• The problem: Once you reach the line containing "In Baku 130.0" in the entries below, write out that line and each one after it down to the line containing "Продам б/у двери межкомнатные!!!", exactly and with nothing added.

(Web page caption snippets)

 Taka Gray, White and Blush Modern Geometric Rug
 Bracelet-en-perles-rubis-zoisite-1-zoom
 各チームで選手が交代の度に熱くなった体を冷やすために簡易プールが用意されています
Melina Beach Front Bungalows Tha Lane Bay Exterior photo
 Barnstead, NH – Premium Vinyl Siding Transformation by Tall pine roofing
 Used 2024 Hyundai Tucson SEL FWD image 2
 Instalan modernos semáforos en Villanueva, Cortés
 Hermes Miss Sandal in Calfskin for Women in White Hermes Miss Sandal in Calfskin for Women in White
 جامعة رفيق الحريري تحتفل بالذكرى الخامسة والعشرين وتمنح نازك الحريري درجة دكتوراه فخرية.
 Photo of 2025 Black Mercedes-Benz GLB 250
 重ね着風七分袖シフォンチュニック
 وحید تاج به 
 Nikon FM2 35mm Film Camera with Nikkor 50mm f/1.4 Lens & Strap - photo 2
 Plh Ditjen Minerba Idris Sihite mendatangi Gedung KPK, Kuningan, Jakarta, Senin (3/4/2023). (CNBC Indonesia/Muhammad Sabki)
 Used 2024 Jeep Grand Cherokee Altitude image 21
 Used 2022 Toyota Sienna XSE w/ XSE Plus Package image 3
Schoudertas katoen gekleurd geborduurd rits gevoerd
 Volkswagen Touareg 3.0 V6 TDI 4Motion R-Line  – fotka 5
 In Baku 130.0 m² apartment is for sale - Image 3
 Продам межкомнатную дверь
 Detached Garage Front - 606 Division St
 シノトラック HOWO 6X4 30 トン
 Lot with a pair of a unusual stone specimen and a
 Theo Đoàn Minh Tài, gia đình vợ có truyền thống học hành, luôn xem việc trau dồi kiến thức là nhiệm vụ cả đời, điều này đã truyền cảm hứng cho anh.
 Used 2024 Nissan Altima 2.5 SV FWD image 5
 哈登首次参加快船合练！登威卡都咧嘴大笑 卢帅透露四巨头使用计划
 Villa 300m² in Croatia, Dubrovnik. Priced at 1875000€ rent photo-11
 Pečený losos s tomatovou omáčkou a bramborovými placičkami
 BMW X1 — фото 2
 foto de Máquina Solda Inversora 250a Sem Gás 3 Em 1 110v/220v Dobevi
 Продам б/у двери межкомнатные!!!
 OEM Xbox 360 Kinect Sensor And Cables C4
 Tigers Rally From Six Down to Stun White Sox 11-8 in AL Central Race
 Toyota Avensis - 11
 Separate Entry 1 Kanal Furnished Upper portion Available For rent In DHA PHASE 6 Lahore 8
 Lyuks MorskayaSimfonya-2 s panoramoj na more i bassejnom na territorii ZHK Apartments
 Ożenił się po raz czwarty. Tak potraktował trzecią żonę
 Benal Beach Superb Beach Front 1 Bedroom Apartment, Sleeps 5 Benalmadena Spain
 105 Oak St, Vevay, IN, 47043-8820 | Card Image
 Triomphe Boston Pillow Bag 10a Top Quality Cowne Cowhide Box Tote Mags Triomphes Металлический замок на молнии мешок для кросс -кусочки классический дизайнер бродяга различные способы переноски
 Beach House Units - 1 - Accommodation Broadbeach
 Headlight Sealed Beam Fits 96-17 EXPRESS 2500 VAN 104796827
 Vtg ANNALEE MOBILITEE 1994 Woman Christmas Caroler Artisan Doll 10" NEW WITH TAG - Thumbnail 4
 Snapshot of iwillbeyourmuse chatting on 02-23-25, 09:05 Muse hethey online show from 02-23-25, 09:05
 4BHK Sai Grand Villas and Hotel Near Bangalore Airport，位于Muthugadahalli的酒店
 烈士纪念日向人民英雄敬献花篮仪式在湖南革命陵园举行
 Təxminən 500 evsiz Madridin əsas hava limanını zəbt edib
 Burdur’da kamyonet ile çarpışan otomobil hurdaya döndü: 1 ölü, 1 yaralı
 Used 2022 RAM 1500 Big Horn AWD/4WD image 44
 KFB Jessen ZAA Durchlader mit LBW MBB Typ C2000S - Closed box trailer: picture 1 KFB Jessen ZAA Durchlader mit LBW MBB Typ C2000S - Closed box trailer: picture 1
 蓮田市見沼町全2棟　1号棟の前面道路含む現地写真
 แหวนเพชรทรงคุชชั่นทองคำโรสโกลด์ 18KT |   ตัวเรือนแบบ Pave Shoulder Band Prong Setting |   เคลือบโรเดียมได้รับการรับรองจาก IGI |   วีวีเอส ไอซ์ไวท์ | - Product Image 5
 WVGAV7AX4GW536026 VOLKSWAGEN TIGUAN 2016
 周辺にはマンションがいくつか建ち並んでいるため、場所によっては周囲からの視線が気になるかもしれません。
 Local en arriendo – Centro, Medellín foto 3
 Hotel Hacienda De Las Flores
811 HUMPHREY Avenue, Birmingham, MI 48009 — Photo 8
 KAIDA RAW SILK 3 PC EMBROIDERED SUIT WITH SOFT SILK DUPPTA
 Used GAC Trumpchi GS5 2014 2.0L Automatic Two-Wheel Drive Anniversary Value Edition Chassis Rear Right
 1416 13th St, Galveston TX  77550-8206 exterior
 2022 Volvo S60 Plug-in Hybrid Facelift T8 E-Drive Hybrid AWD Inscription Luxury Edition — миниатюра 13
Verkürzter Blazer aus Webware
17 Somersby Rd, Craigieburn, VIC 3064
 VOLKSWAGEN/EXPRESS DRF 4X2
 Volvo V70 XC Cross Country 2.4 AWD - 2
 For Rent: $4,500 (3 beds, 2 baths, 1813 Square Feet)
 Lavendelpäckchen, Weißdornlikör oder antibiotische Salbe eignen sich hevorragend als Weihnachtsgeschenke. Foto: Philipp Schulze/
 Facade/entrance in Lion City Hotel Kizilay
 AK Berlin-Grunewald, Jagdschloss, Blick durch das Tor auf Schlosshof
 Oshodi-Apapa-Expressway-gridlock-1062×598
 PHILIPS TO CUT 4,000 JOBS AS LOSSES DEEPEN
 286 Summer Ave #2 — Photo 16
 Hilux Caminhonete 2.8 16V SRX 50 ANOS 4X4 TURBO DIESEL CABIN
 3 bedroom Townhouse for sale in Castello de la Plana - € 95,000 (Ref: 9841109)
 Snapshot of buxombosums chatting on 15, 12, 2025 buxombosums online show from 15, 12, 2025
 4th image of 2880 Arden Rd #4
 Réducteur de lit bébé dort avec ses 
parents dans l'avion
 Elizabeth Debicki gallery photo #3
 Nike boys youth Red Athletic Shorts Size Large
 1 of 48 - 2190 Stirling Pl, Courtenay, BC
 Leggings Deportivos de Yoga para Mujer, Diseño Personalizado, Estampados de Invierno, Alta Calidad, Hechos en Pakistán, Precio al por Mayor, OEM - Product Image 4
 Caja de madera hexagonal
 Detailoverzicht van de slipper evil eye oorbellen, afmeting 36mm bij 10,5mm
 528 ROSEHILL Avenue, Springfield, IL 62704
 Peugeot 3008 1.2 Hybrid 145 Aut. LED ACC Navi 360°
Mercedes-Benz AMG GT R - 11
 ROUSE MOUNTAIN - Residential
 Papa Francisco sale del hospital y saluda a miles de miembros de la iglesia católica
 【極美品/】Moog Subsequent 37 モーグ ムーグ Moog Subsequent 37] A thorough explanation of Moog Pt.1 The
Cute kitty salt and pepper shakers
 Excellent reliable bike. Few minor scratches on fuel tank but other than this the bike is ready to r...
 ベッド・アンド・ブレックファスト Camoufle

• Output of the exercise:
 In Baku 130.0 m² apartment is for sale - Image 3
 Продам межкомнатную дверь
 Detached Garage Front - 606 Division St
 シノトラック HOWO 6X4 30 トン
 Lot with a pair of a unusual stone specimen and a
 Theo Đoàn Minh Tài, gia đình vợ có truyền thống học hành, luôn xem việc trau dồi kiến thức là nhiệm vụ cả đời, điều này đã truyền cảm hứng cho anh.
 Used 2024 Nissan Altima 2.5 SV FWD image 5
 哈登首次参加快船合练！登威卡都咧嘴大笑 卢帅透露四巨头使用计划
 Villa 300m² in Croatia, Dubrovnik. Priced at 1875000€ rent photo-11
 Pečený losos s tomatovou omáčkou a bramborovými placičkami
 BMW X1 — фото 2
 foto de Máquina Solda Inversora 250a Sem Gás 3 Em 1 110v/220v Dobevi
 Продам б/у двери межкомнатные!!!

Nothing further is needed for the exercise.